Part of the argument here is that other governments—most significantly, China—are subsidizing industries in ways that encourage the excess production in the first place.
And, yeah, that's probably true. So that means the U.S. government will stop subsidizing Boeing, right?
This whole effort seems like little more than an attempt to translate worries about trade deficits into policy. It is impossible for every country on the planet to produce exactly as much cotton or consumer electronics or steel as it will consume in its domestic industries—but that's what Greer and the Trump administration seem to want.
"If trade surpluses become evidence of unfair trade, the U.S. will be attempting something unprecedented: using tariffs to punish other countries simply for selling goods the rest of the world wants to buy," argued a trio of Georgetown professors in a March op-ed in The Hill, shortly after Greer announced the Section 301 investigations.
"The new investigation treats large or persistent trade surpluses as evidence of 'structural excess capacity,'" they noted. "Worse, the notice uses such vague language and loose economic reasoning that almost any country could be found guilty of 'structural overcapacity.'"
We'll have more information once Greer's office completes its investigations and makes a formal report outlining plans for tariffs. But the fact that this process is playing out in a procedural, bureaucratic way—as opposed to the haphazard tariffs that Trump had previously deployed—should not obscure the fundamentally unserious argument at the heart of it.
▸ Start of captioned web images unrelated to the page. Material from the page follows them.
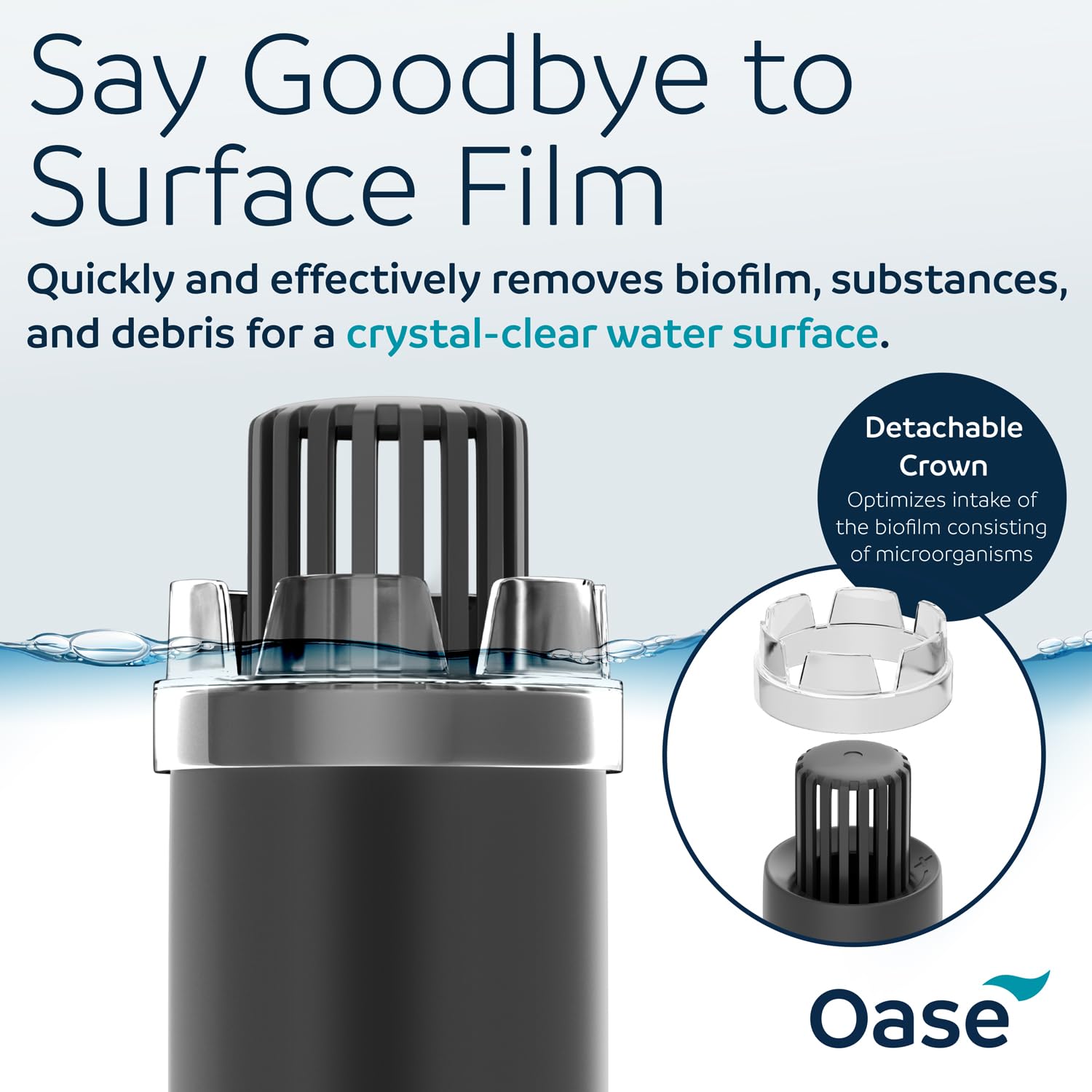 OASE CrystalSkim 350 adjustable flow tailors skim rate to your tank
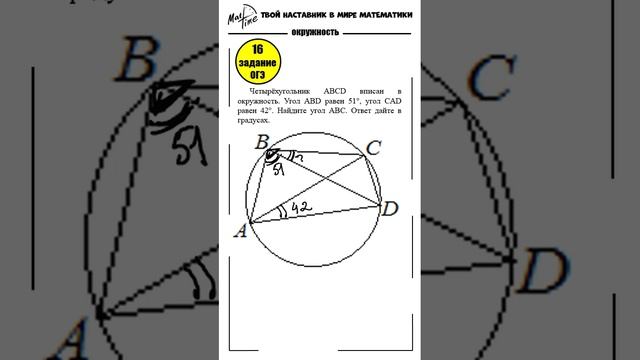 16 задание ФИПИ ОГЭ 2024 ЯЩЕНКО / четырехугольник #математикаогэ #маттайм #огэ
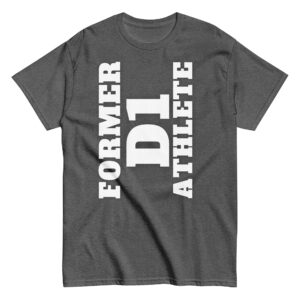 Men's classic tee Former-D1-Athlete-(Alpha)-Vertical-in-White-Letters
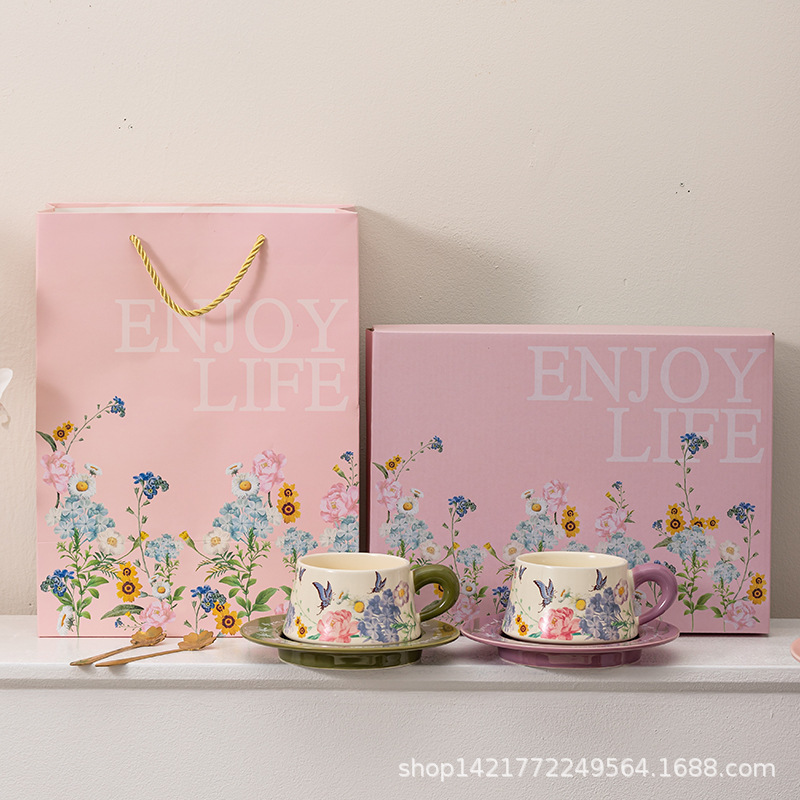 レトロ油絵コーヒーカップ皿セット陶磁器マグカップ小衆カップルカップ蝶コーヒーカップ皿ギフトボックス|undefined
When businesses based in foreign countries sell their excess production to businesses and consumers in the United States, that's not proof of a dark conspiracy to undermine American manufacturing. It is no different than what Boeing is doing when it builds more planes than Americans can use, or when cotton farmers export their supply.
Once again, the Trump administration seems to be demonstrating how little it understands about the global trading system it wants to control.